══ SUPPLIED MATERIAL ══

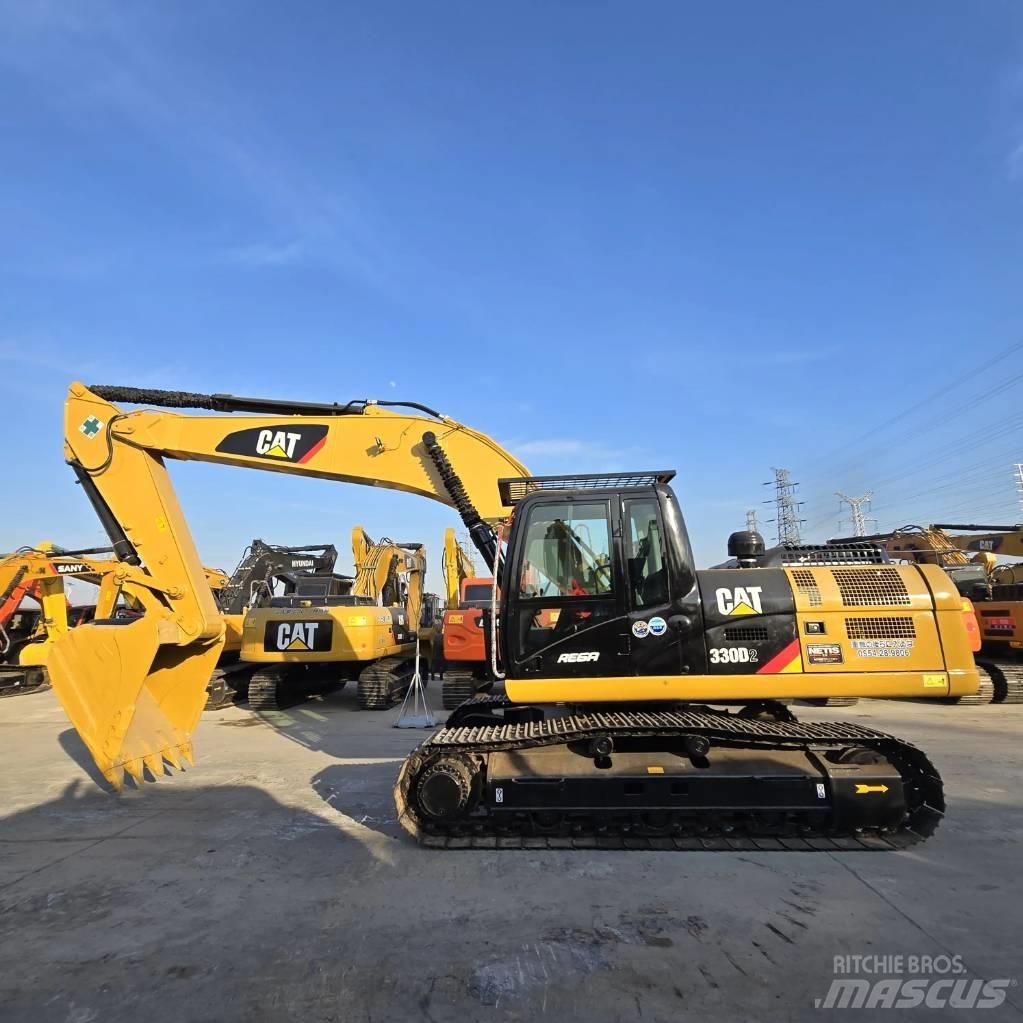 CAT 330 D2 Средни екскаватори 7т - 12т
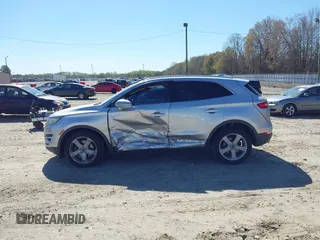 2017 Lincoln MKC Premiere with VIN 5LMCJ1C92HUL15471, listed as a IAAI auction lot 41875811 with 160,287 mi miles and . Bid and sale history available at DreamBid. Image 14.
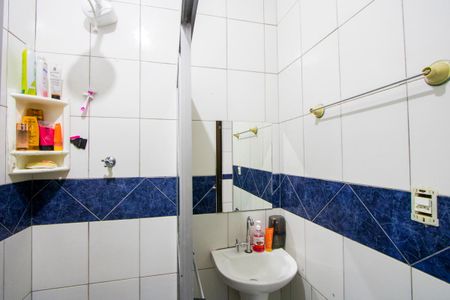 Casa à venda com 366m², 6 quartos e 5 vagasCasa 3 - Banheiro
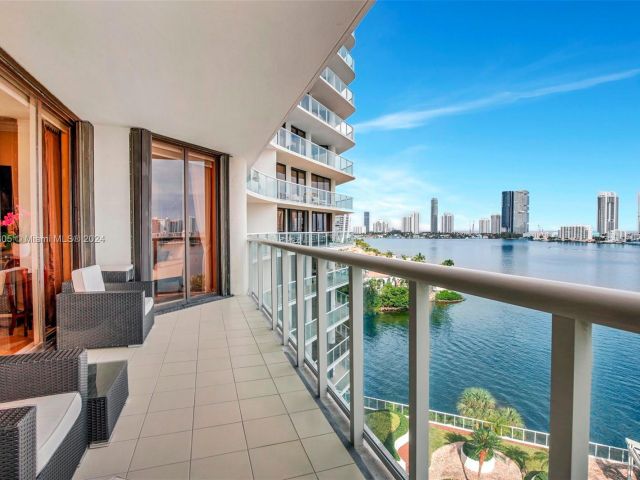 Продажа квартиры #1002 - фото 5643659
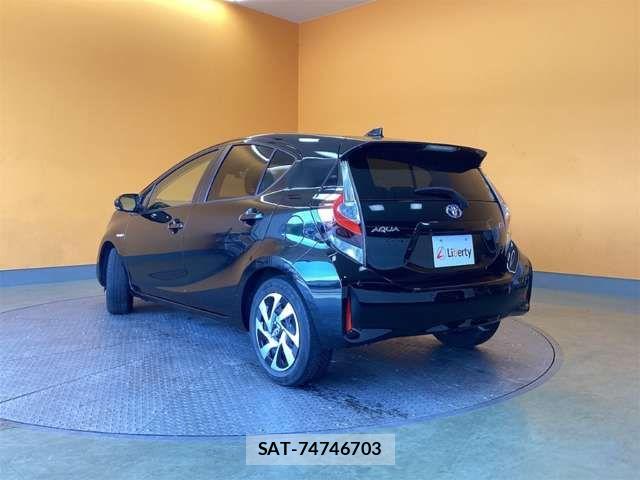 Toyota AQUA 2020-04 7614952-5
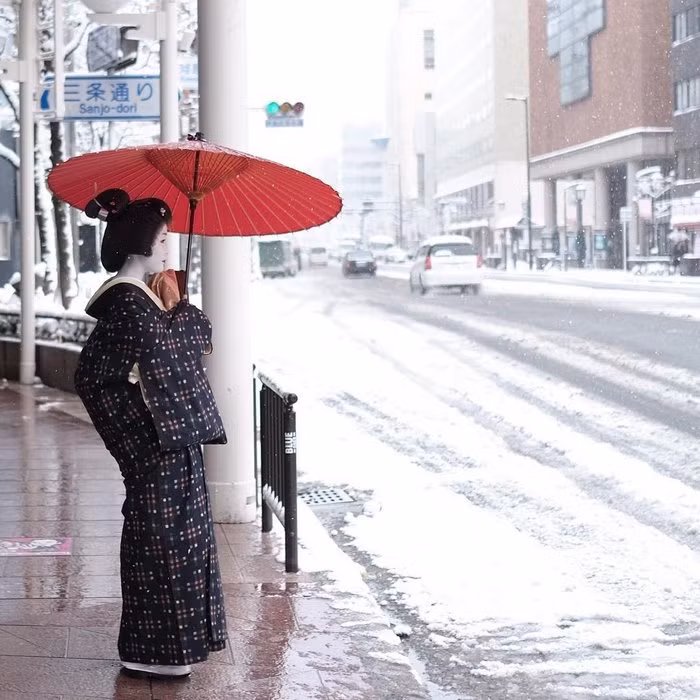 tokyo hoa xu so than tien trong ngay tuyet roi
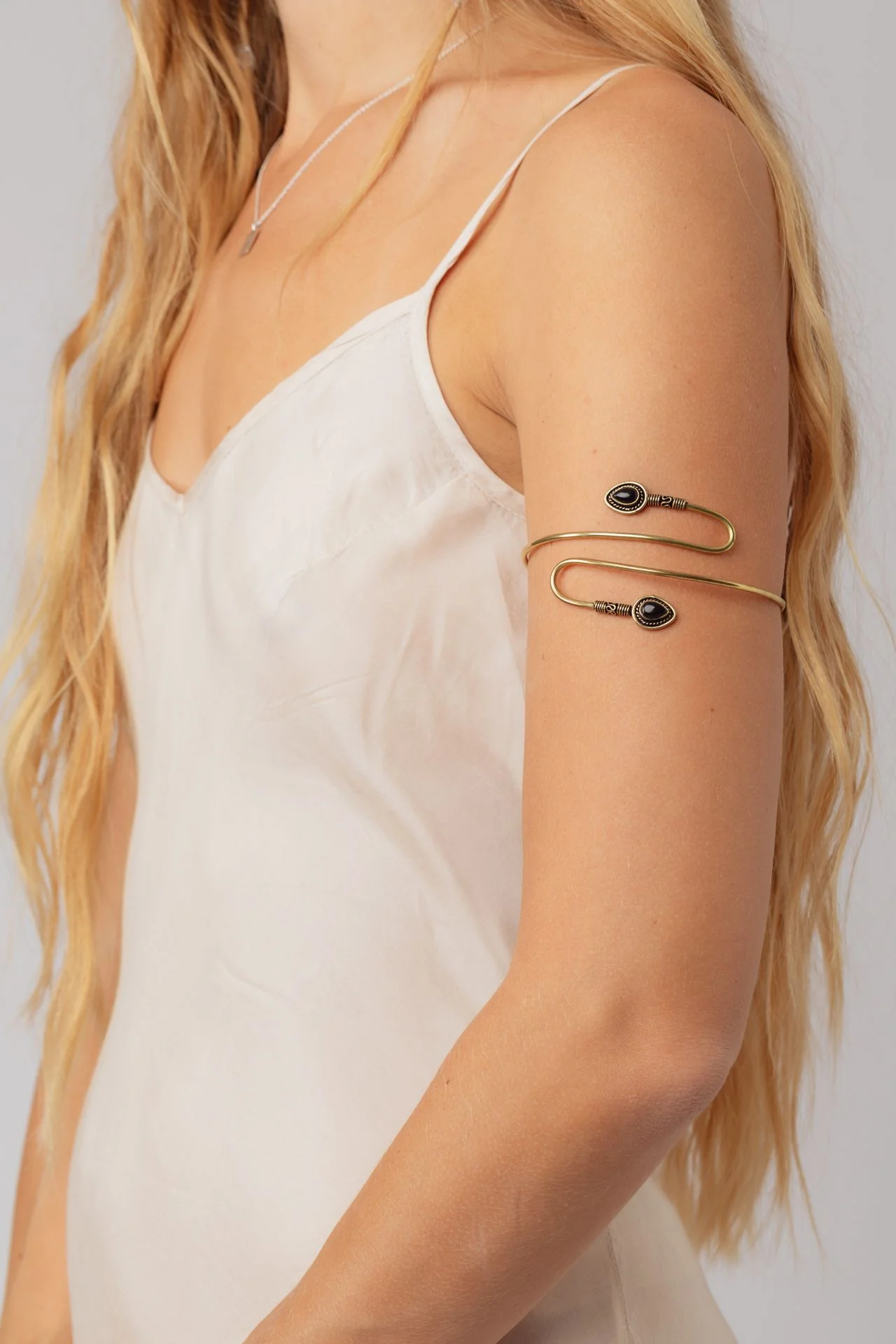 Isha Gold Arm Cuff - Image 2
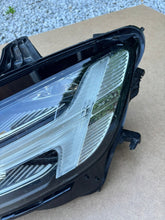 Load image into Gallery viewer, Frontscheinwerfer Volvo S60 V60 II 22025905 Links Scheinwerfer Headlight SCH8262805930ll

═══

Output the records exactly. Drop the images.

-- ANSWER BOX --
 CAT 330 D2 Средни екскаватори 7т - 12т
 2017 Lincoln MKC Premiere with VIN 5LMCJ1C92HUL15471, listed as a IAAI auction lot 41875811 with 160,287 mi miles and . Bid and sale history available at DreamBid. Image 14.
 Casa à venda com 366m², 6 quartos e 5 vagasCasa 3 - Banheiro
 Продажа квартиры #1002 - фото 5643659
 Toyota AQUA 2020-04 7614952-5
 tokyo hoa xu so than tien trong ngay tuyet roi
 Isha Gold Arm Cuff - Image 2
 Load image into Gallery viewer, Frontscheinwerfer Volvo S60 V60 II 22025905 Links Scheinwerfer Headlight SCH8262805930ll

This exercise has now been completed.